Frivolous Musings

Some thoughts on politics/lit/tech/life itself


Status & Jewish Intellectuals

I recently asked a French friend why that country produces so many brilliant mathematicians and scientists - not really expecting a good answer. He replied that in France, being an academic or theoretician is seen as the most admirable position to aspire to, on a par with philosopher or artist. However, engineers and entrepreneurs are associated with far less prestige, which would roughly explain why so many of those scientists and mathematicians end up working for foreign companies.

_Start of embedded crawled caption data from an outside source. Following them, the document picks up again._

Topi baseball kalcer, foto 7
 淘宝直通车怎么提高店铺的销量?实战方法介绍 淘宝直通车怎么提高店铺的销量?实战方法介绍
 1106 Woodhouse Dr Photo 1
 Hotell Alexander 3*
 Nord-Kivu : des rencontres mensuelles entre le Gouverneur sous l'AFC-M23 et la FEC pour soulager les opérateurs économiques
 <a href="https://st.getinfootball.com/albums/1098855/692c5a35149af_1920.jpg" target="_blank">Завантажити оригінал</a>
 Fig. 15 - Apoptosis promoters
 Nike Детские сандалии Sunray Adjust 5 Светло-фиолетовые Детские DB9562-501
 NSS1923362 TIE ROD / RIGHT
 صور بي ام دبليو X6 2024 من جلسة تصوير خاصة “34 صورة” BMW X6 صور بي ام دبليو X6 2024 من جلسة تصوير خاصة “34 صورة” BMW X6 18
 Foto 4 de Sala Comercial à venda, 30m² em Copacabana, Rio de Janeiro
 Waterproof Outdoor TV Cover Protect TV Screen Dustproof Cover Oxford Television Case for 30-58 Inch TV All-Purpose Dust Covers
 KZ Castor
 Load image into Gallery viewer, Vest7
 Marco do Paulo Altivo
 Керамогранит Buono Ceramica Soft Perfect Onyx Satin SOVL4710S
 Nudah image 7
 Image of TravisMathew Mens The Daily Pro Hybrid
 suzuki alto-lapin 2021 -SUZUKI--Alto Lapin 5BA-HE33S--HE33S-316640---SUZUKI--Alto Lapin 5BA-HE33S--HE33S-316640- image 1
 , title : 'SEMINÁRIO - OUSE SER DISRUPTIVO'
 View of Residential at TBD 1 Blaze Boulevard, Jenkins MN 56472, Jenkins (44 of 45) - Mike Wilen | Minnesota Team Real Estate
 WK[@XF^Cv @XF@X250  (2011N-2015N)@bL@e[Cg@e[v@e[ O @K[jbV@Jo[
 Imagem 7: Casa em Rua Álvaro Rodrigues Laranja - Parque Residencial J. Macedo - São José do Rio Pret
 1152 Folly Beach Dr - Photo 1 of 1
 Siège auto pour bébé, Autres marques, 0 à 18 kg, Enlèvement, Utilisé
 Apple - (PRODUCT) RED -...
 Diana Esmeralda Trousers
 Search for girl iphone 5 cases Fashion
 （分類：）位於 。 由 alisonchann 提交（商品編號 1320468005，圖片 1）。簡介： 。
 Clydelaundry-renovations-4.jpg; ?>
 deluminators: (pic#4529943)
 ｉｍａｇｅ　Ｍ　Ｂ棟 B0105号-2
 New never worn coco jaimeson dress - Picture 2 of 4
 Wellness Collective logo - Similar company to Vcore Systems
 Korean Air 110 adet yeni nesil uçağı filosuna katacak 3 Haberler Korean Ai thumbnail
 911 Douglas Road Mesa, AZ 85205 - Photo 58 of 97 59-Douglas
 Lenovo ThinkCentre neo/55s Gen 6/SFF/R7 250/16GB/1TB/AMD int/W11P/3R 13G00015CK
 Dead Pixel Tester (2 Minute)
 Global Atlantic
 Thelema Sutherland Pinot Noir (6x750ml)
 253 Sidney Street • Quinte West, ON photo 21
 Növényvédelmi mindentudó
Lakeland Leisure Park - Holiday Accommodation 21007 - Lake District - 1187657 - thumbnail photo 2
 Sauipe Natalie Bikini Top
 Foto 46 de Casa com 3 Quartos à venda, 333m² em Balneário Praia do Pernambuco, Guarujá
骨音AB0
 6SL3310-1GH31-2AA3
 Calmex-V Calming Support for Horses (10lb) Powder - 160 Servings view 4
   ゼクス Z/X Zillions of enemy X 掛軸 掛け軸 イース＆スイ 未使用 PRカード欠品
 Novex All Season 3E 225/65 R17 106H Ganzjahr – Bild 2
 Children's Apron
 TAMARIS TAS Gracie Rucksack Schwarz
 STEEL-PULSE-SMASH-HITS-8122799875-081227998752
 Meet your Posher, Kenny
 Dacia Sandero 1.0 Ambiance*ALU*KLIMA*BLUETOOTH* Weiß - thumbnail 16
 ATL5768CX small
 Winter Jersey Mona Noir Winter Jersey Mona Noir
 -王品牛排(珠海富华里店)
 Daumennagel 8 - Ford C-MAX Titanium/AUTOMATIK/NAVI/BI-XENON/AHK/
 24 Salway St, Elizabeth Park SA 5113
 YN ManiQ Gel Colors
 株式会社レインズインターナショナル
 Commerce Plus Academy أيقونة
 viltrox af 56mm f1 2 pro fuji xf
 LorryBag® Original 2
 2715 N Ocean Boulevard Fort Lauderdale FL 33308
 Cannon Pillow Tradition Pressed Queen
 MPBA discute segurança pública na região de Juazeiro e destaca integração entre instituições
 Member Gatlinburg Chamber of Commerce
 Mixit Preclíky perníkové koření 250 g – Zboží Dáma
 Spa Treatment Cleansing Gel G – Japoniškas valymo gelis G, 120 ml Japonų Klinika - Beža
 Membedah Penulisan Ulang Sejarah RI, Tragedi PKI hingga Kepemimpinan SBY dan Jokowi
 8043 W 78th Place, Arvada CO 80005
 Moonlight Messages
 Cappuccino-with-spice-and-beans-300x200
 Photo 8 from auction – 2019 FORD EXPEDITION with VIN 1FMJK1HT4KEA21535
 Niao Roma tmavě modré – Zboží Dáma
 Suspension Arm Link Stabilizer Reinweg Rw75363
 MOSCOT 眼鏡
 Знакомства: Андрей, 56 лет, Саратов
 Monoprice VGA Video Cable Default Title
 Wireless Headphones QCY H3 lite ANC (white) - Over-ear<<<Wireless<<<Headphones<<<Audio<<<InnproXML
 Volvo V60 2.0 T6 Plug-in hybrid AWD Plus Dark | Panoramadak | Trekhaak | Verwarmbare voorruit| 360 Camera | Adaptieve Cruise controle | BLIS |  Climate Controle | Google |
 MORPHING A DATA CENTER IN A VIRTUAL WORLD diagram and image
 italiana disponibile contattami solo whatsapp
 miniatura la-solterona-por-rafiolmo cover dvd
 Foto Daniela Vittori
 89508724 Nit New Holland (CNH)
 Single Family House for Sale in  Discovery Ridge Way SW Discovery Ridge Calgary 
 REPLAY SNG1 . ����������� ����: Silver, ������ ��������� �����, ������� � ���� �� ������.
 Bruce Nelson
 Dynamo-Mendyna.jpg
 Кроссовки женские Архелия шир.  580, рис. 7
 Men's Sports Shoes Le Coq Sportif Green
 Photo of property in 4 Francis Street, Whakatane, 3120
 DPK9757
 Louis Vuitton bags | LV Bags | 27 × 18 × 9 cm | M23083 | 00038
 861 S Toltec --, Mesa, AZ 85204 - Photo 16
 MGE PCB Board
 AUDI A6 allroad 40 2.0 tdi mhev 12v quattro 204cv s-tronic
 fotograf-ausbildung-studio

It reminded me that when I was growing up, I thought of writers, historians, philosophers and other intellectuals as most worthy of respect, and assumed that I should want to do something similar when I was older, if I could afford it. It is possible that this is undergoing a sea-change, as the increased prominence of information technology and financial difficulties of media and academia increase the social capital (in Bourdieu’s term) associated with “STEM” subjects. Nonetheless, I was surprised to find a very bald expression of this idea in Stefan Zweig’s memoir The World of Yesterday.

It is generally assumed that getting rich is a Jew’s true and typical aim in life. Nothing could be further from the truth. Getting rich, to a Jew, is only an interim stage, a means to his real end, by no means his aim in itself. The true desire of a Jew, his inbuilt ideal, is to rise to a higher social plane by becoming an intellectual. Even the most prosperous Jew would rather marry his daughter to an indigent intellectual than a merchant. This high regard for intellectuals runs through all classes of Jewish society, and the poorest pedlar who carries his pack through wind and weather will try to give at least one son the chance of studying at university, however great the sacrifices he must make, and will consider it an honour to the entire family that one of them is clearly regarded as an intellectual: a professor, a scholar, a musician. It is as if such a man’s achievements ennobled them all.

Another expression of this I found in Tom Wolfe’s long, interesting Esquire history of Bob Noyce (co-founder of Fairchild Semiconductor and Intel), discussing why so many early tech pioneers came from the Midwest and West Coast, rather than the traditional East Coast centres of intellectual brilliance:

Back east engineering was an unfashionable field. The East looked to Europe in matters of intellectual fashion, and in Europe the ancient aristocratic bias against manual labor lived on. Engineering was looked upon as nothing more than manual labor raised to the level of a science. There was “pure” science and there was engineering, which was merely practical. Back east engineers ranked, socially, below lawyers; doctors; Army colonels; Navy captains; English, history, biology, chemistry, and physics professors; and business executives.